Verzaking en ascetisme zijn twee verschillende dingen. Het credo van de soefi is verzaking maar dat is niet altijd het credo van de asceet. De asceet trouwt niet, hij eet geen goed voedsel, hij draagt geen mooie kleren en doet niets wat vreugde schenkt. De soefi denkt dat alles in de wereld er voor hem is, zodat hij de wereld niet hoeft te verlaten met een onvervulde wens. Hij is echter niet afhankelijk van deze dingen. Hij houdt zich er vrij van. Hij gaat niet de bergen in om alleen te zijn. Hij leeft in de wereld. Hij gaat naar de bergen als hij dat wil. En toch kunnen de bergen hem daar niet voor altijd vasthouden. Het is veel gemakkelijker om in een berggrot religieus, spiritueel te zijn dan in de wereld, maar de soefi heeft geen behoefte om weg te rennen van de wereld, want hij heeft het gezicht van zijn Geliefde, het gezicht van God herkend en ziet dat overal.
Als een religieus leraar zou zeggen: ´Nee, je moet niet naar muziek luisteren, je moet niet naar een toneelopvoering gaan, je moet niet naar een dansvoorstelling gaan, je dient zelf niet te dansen´, dan zou misschien een op de duizend leerlingen hem gehoorzamen en weg gaan naar de wildernis. Ongetwijfeld zou die leerling meer veel daar vinden wat hem op zijn zoektocht naar spiritualiteit zal helpen, maar hij zou niet de wereld hebben ervaren en dus zou hij altijd blootgesteld blijven aan verleiding.
Het is veel verdienstelijker en veel moeilijker om in de wereld te leven en toch spiritueel te zijn; om verantwoordelijkheden van het leven te dragen, aandacht te geven aan vrienden en kennissen, vrienden en vijanden te dienen en om toch spiritueel te blijven. Lastig gevallen te worden door je omgeving, opgezadeld te worden met verantwoordelijkheden en blootgesteld te worden aan tegenstand is veel moeilijker en grootser dan een asceet in de jungle te zijn.
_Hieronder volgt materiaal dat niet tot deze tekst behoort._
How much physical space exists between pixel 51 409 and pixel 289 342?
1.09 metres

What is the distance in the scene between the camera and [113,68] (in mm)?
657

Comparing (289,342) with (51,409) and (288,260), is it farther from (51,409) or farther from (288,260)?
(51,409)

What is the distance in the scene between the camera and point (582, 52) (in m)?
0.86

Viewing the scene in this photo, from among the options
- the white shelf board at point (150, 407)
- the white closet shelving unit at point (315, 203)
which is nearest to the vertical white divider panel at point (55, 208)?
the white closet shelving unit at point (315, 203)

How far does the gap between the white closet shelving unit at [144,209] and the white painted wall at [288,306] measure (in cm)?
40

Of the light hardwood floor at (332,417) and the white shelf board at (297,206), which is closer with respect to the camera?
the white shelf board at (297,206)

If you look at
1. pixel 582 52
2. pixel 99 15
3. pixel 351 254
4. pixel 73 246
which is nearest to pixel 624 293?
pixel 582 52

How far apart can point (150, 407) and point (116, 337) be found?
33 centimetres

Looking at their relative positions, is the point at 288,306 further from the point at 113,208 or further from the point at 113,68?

Beide koersen hebben hun gevaren. Als je de wereld verlaat kan je aangeboren gerichtheid op het genieten en het ervaren van de wereld je elk moment terugtrekken. Net als de yogi Mahachandra, die een groots heilige was en veel chela´s had en toch in de ban raakte van koningin Mahila en tot koning gemaakt werd. Hij viel in één tel van de grote hoogten die hij had bereikt door vele jaren van noeste doortastendheid. De yogi zegt dat het beter is de wereld te verlaten. De soefi echter kiest een leven in de wereld met verzaking. Hij geeft er de voorkeur aan de wereld te ervaren in dienst van alles terwijl hij tegelijkertijd verzaking beoefent.
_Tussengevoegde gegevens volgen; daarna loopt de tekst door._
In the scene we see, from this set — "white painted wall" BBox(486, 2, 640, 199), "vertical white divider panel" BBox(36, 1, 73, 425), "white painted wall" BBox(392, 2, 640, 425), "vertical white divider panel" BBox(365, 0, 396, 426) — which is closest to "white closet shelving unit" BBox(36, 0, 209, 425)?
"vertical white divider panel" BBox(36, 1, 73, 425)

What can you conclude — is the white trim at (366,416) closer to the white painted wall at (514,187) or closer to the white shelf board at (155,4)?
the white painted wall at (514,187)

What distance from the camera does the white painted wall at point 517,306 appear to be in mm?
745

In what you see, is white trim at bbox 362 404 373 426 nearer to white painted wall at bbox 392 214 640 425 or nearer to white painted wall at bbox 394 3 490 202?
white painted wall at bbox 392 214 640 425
Opoffering is minder dan verzaking, hoewel een offer evengoed een verzaking is. Een offer is een les die de profeten en leraren hebben onderricht opdat de mens verzaking zou leren. De deugd van het offeren ligt in de bereidheid waarmee die wordt verricht. Verzaking echter is iets wat niet als een principe opkomt maar als een gevoel.
Verzaking heeft een automatische werking op het hart van de mens, een werking die zich maar weinig mensen realiseren omdat er maar weinigen tot die fase komen waarin zij kunnen verzaken. Door deze werking wordt er een spiritueel vonkje aangewakkerd in de ziel. En wanneer iemand in die fase is aanbeland heeft hij de eerste stap op het pad van spiritualiteit gezet. Het vonkje voortgebracht door deze werking in de diepten van het hart culmineert in een vlam, een fakkel in het leven. En dit verandert de gehele manier van kijken naar het leven. De hele wereld lijkt veranderd, dezelfde wereld waarin je hebt geleefd, geleden, plezier hebt gehad, hebt geleerd en hebt ont-leerd – alles lijkt te veranderen wanneer er eenmaal verzaking wordt geleerd.
Verzaking is in feite ontkenning van het zelf en de ontkenning van datgene wat je tot nut zou kunnen zijn. Net zoals alles op deze wereld gebruikt en misbruikt kan worden zo kan het principe van verzaking worden gebruikt en misbruikt. En onder de vele verkeerde betekenissen die de mensen aan zelf-ontkenning hebben verbonden is de meest gangbare dat het betekent het jezelf ontzeggen van de pleziertjes en het geluk dat de wereld kan bieden. Als het beoefenen van verzaking als een principe goed zou zijn dan zou het lijken alsof er zich geen doel achter de gehele schepping bevindt. De schepping zou zich dan wel nooit hebben gemanifesteerd als verzaking het principe geweest zou zijn. Daarom is verzaking op zich deugd noch zonde. Ze wordt een deugd of een zonde alnaargelang het gebruik dat we ervan maken.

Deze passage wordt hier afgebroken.